With this in mind, the conventional wisdom is that the Supreme Court vacancy will remain in place through the rest of the year, pushing the issue until 2017, at which point the new president and the next Senate will work on filling it.
But why assume that Republicans will be more responsible next year? The Huffington Post had an interesting piece on this.
Republican Senate leaders may have said repeatedly that they are delaying President Barack Obama's Supreme Court nominee so the people can have a say through this year's elections — but that doesn't mean they're going to give up their right to block that nominee if they don't like what the people decide. [...] "Clearly the requirement for 60 votes [to confirm a nominee for] the Supreme Court is going to remain, regardless of whether it's Republicans or Democrats that are in control of the Senate," Sen. Mike Rounds (R-S.D.) said.
Hmm. So GOP senators believe elections have consequences, except for the 2012 presidential race which doesn't, and "the people" should decide who gets to appoint the next Supreme Court justice, except Republicans may balk if "the people" elect someone the party dislikes.
This, evidently, is not supposed to be a contradiction. "It's based upon what your Constitution will say, and based upon what your previous practices have been," Rounds told the Huffington Post. "In this case, I don't think there's any question but that you'll continue to have 60 votes necessary for a lifetime appointment to the United States Supreme Court."

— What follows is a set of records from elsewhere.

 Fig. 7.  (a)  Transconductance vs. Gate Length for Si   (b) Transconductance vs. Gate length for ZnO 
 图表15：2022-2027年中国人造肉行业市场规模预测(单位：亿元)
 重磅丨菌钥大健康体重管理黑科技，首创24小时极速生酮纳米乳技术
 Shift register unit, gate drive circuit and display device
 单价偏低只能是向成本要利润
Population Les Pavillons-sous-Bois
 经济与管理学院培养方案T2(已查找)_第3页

To the extent that reality matters, the Constitution does not require super-majorities in the Senate to confirm judicial nominees, and "previous practices" have meant confirming justices by majority rule.
Sen. Jeff Flake (R-Ariz.), meanwhile, added this baffling perspective: "My theory is we ought to pick the most conservative jurist we can to replace Justice Scalia to maintain the balance of the court. But the principle that the next president should decide is not one that I share."

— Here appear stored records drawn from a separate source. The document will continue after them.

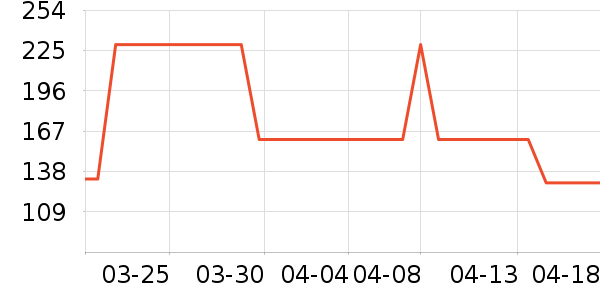 ������¡�������������ʷ�۸�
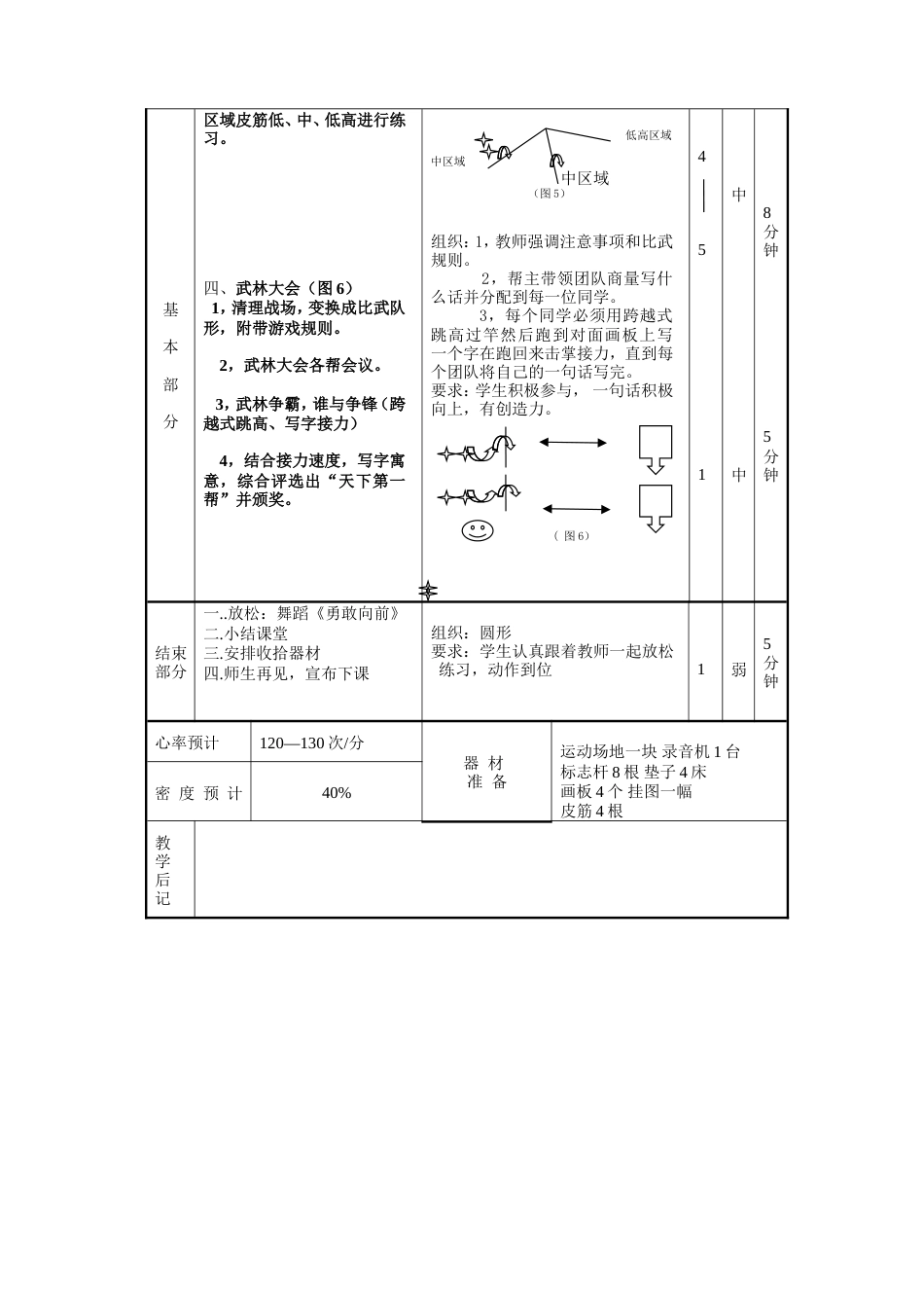 初中跨越式跳高教案_第3页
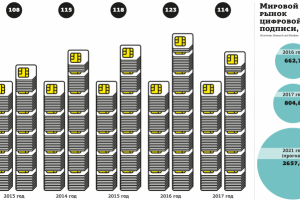 Инфографика для газеты "Деловой Петербург"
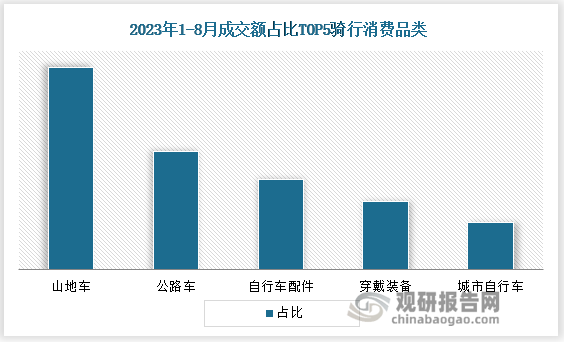 随着绿色出行理念深入人心，自行车体育赛事引入等带动“骑行热”不断升温，全国多地城市推出了专门的骑行精品线路，鼓励更多人骑车出游，如成都推出11条天府绿道骑行线路；北京建设了骑行“城市风轮”，即12条沿着河流的骑行放射线；南宁市则在邕江边设立青少年自行车运动服务站，自行车运动的教练、社会体育指导员定期开展公益性培训，为骑行爱好者提供优质服务。良好的骑行环境和人们健康意识的提高促使越来越多年轻人加入骑行队伍，进而带动骑行市场规模快速扩增。京东数据显示，近三年骑行消费用户数和成交金额均逐年攀升，2023年1-8月，骑行商品成交额同比增长了40%。其中，自行车作为骑行最重要的装备，成为增长最快的一个门类，从其成交额占比来看，山地车、公路车和自行车配件位列前三。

If the senator was quoted accurately, this might be one of the strangest arguments to date. "We" ought to pick the next Supreme Court justice? Who's "we"? The president shouldn't have the authority to choose the nominee? Was the Constitution quietly amended when no one was looking?
If the political world is thinking that next year, the process will go smoothly because the president Republicans despise will be out of office, that assumption needs to be reevaluated. At least some GOP senators believe an eight-member Supreme Court is no big deal, and it's entirely possible that Garland won't be the last nominee to be treated in a ridiculous way.